2. This loose multicellularity of Chlamydomonas was institutionalized across the chlorophytes to something more permanent in organisms such as Gonium (4-16 cells), Pandorina (8.16 or 32 cells), Eudorina (16, 32, or 64 cells) and in Volvox (500-50,000 cells). Here are some videos of Volvox . They are fascinating. You can see the daughter colonies in them and even their flagellae (with some imagination).
Also at https://youtu.be/152tgl03kDY

4. At some point in the evolutionary history of the green plants, they completely lost their flagellae and perhaps reinvented their multicellularity. These then gave rise to the complex multicellular plants with vessels. The algal group closest to the land plants is the charophyte. We often see these in microcosmos posts. For example, the beautiful Spirogyra with a helical arrangement of chloroplasts is a charophyte. I am posting a picture below.
5. Another fascinating member of the Charophytes is Micasterias, a type of desmids. Below is a timelapse of many hours where a picture was taken every 30 seconds or so. Notice that Micasterias is comprised of two half-cells. Each half-cell just has one chloroplast. What a massive chloroplast this is that has spread out in that weird shape. At the center is the nucleus.
Here is another time lapse of Micasterias I took for over 3 hours.
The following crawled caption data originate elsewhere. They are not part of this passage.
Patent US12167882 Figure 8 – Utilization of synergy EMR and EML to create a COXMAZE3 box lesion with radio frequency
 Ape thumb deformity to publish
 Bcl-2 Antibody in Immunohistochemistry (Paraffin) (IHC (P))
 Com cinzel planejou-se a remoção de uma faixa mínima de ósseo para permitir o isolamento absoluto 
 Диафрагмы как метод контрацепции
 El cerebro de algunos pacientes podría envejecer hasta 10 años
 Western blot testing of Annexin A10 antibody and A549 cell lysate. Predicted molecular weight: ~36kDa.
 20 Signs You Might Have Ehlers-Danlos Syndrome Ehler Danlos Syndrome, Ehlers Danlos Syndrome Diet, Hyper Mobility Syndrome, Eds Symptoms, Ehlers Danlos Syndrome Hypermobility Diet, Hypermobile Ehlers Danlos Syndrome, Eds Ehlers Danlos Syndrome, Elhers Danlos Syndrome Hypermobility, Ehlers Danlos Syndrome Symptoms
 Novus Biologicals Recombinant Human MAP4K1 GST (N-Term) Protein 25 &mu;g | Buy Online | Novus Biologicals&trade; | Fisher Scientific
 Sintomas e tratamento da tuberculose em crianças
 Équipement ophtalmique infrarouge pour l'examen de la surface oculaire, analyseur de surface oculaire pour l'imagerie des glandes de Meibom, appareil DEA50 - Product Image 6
https://youtube.com/shorts/VG8tuzoWEjM?feature=share

Yet another desmid I have observed is Cosmarium, which is much smaller that Micasterias . Notice that there are two types of desmids in the next video.
From some of these Charophytes emerged the land plants such as the mosses and ferns, gymnosperms and angiosperms that dominate our landscape. Across posts, on the microcosmos we often see microscopic explorations of these multicellular plants and posts on leaves, stomata, pollen , trichomes, spores and so on.